Segment Start: Supplied data
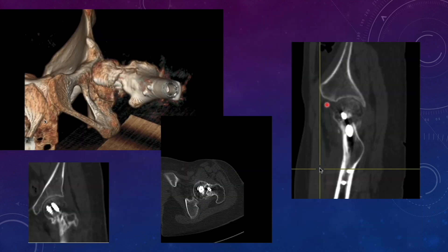A CT was ordered before starting full weight bearing. On 3D CT, there is good bone formation along the calcar with continuous bone visible in that area. On the coronal cut, bridging bone formation is seen. On the axial cut, the anterior bone is also bridging. And on the sagittal cut, the calcar is continuous — meaning the bone has completely bridged the calcar area, so we allowed the patient to bear weight.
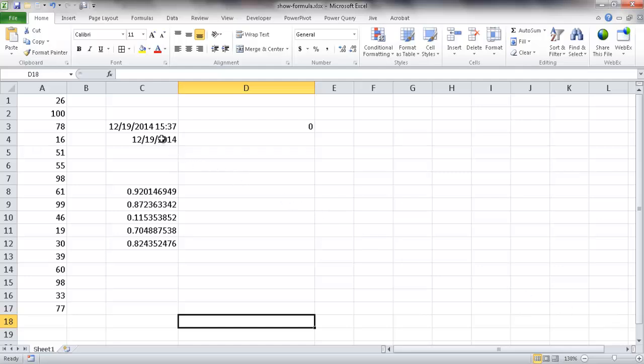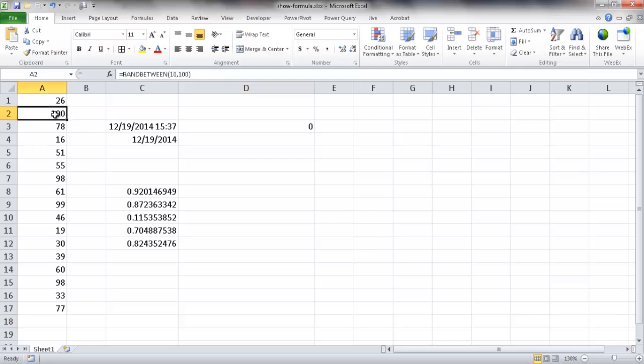If you have a spreadsheet that has a lot of different functions or formulas doing calculations, and you want to take a look at what those formulas look like, you might think you'd have to go through each individual one. You see these are all formulas or functions doing some kind of calculation within the worksheet.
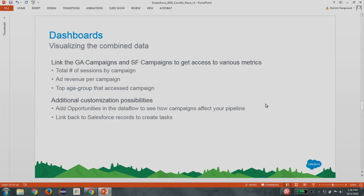So you'd save this, and then you'd have your data sets created after you run your data flow — a Google Analytics data set and a Salesforce campaign data set. You're really ready to start building visualizations at this point once you have your data sets in Wave. You can look at a bunch of different metrics from the combined data sets: sessions by campaign, ad revenue by campaign, different age groups that access your campaigns, and you can really customize it as far as you want. Wave also has the functionality to link back to your Salesforce records — you can simply open a record in Salesforce to drill down for more detail.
Segment End: Supplied data
(Try it) The listing should be transcribed in full, exactly, and without its pictures.

(Solution for this problem)
A CT was ordered before starting full weight bearing. On 3D CT, there is good bone formation along the calcar with continuous bone visible in that area. On the coronal cut, bridging bone formation is seen. On the axial cut, the anterior bone is also bridging. And on the sagittal cut, the calcar is continuous — meaning the bone has completely bridged the calcar area, so we allowed the patient to bear weight.
If you have a spreadsheet that has a lot of different functions or formulas doing calculations, and you want to take a look at what those formulas look like, you might think you'd have to go through each individual one. You see these are all formulas or functions doing some kind of calculation within the worksheet.
So you'd save this, and then you'd have your data sets created after you run your data flow — a Google Analytics data set and a Salesforce campaign data set. You're really ready to start building visualizations at this point once you have your data sets in Wave. You can look at a bunch of different metrics from the combined data sets: sessions by campaign, ad revenue by campaign, different age groups that access your campaigns, and you can really customize it as far as you want. Wave also has the functionality to link back to your Salesforce records — you can simply open a record in Salesforce to drill down for more detail.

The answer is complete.